CAIRN.INFO : Matières à réflexion

1 Qualifié de « hikikomori » par le psychiatre T. Saito (1998), le phénomène de retrait social que connaissent certains jeunes, au Japon et ailleurs, a été l’objet d’une certaine exposition médiatique ces dernières années et de différentes publications de recherche en France [2].

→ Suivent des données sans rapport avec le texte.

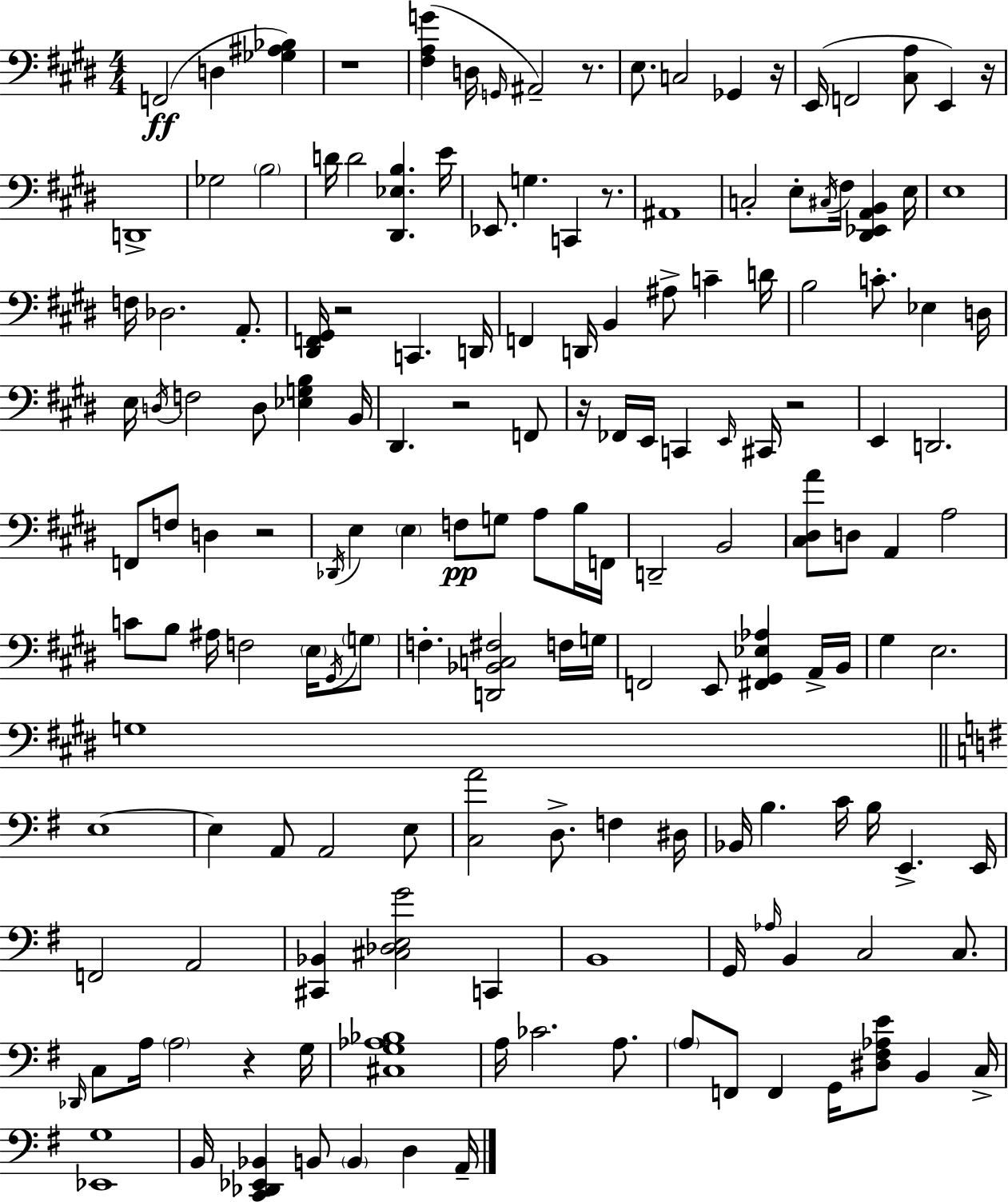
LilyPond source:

{
  \clef bass
  \numericTimeSignature
  \time 4/4
  \key e \major
  f,2(\ff d4 <ges ais bes>4) | r1 | <fis a g'>4( d16 \grace { g,16 } ais,2--) r8. | e8. c2 ges,4 | \break r16 e,16( f,2 <cis a>8 e,4) | r16 d,1-> | ges2 \parenthesize b2 | d'16 d'2 <dis, ees b>4. | \break e'16 ees,8. g4. c,4 r8. | ais,1 | c2-. e8-. \acciaccatura { cis16 } fis16 <dis, ees, a, b,>4 | e16 e1 | \break f16 des2. a,8.-. | <dis, f, gis,>16 r2 c,4. | d,16 f,4 d,16 b,4 ais8-> c'4-- | d'16 b2 c'8.-. ees4 | \break d16 e16 \acciaccatura { d16 } f2 d8 <ees g b>4 | b,16 dis,4. r2 | f,8 r16 fes,16 e,16 c,4 \grace { e,16 } cis,16 r2 | e,4 d,2. | \break f,8 f8 d4 r2 | \acciaccatura { des,16 } e4 \parenthesize e4 f8\pp g8 | a8 b16 f,16 d,2-- b,2 | <cis dis a'>8 d8 a,4 a2 | \break c'8 b8 ais16 f2 | \parenthesize e16 \acciaccatura { gis,16 } \parenthesize g8 f4.-. <d, bes, c fis>2 | f16 g16 f,2 e,8 | <fis, gis, ees aes>4 a,16-> b,16 gis4 e2. | \break g1 | \bar "||" \break \key e \minor e1~~ | e4 a,8 a,2 e8 | <c a'>2 d8.-> f4 dis16 | bes,16 b4. c'16 b16 e,4.-> e,16 | \break f,2 a,2 | <cis, bes,>4 <cis des e g'>2 c,4 | b,1 | g,16 \grace { aes16 } b,4 c2 c8. | \break \grace { des,16 } c8 a16 \parenthesize a2 r4 | g16 <cis g aes bes>1 | a16 ces'2. a8. | \parenthesize a8 f,8 f,4 g,16 <dis fis aes e'>8 b,4 | \break c16-> <ees, g>1 | b,16 <c, des, ees, bes,>4 b,8 \parenthesize b,4 d4 | a,16-- \bar "|."
}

2 Cet ouvrage dirigé par N. Vellut, C. Martin, C. Figueiredo et M. Fansten [3], réunit des chercheurs et des praticiens de plusieurs disciplines : sciences de l’éducation, sociologie et psychologie (psychologues, psychiatres, psychothérapeutes et psychanalystes). Au travers de son prologue, de son épilogue et de ses onze chapitres répartis en deux parties (« Éclairer le phénomène hikikomori » et « Accompagner les jeunes pendant le retrait et après ») portant sur la France, le Japon, en comparant ces deux pays et en passant parfois par l’Italie, il traite des expériences de retrait social des jeunes, qui sont, tout comme leur isolement, qualifiés au Japon d’« hikikomori ». Ses auteurs en proposent une déconstruction à partir de la mise au jour de l’entrecroisement complexe de différents « phénomènes sociaux, psychiques, anthropologiques lors du passage à l’âge adulte » (« phobies », « décrochage scolaire », « dépression », « difficultés d’insertion professionnelle » [p. 12]). Par la mobilisation d’études de cas et d’analyses de littératures grises, ils font apparaître différents aspects saillants dans l’observation des expériences de retrait social des jeunes : la définition du ou des hikikomori(s) (selon que l’on qualifie les individus concernés ou le phénomène social), son identification et sa mesure et, enfin, son caractère à la fois social et individuel.

3 Les contributions de cet ouvrage convergent dans la qualification du hikikomori comme étant « une situation, non un symptôme » (p. 170), dans le sens où il ne s’agit pas d’une maladie psychique qui pourrait être diagnostiquée ou traitée, mais d’une condition de retrait social vécue par des individus. Comme le souligne G. Sagliocco (chapitre 3), l’ambivalence du caractère pathologique du hikikomori provient de la « confusion entre troubles préalables ou consécutifs au retrait » (p. 53) ainsi que de la demande d’une forme de reconnaissance sociale au travers d’un diagnostic qui permettrait de justifier les absences à l’école et au travail, d’accéder à certains soins et droits ou de donner l’espoir aux familles de l’existence d’un traitement et d’une guérison.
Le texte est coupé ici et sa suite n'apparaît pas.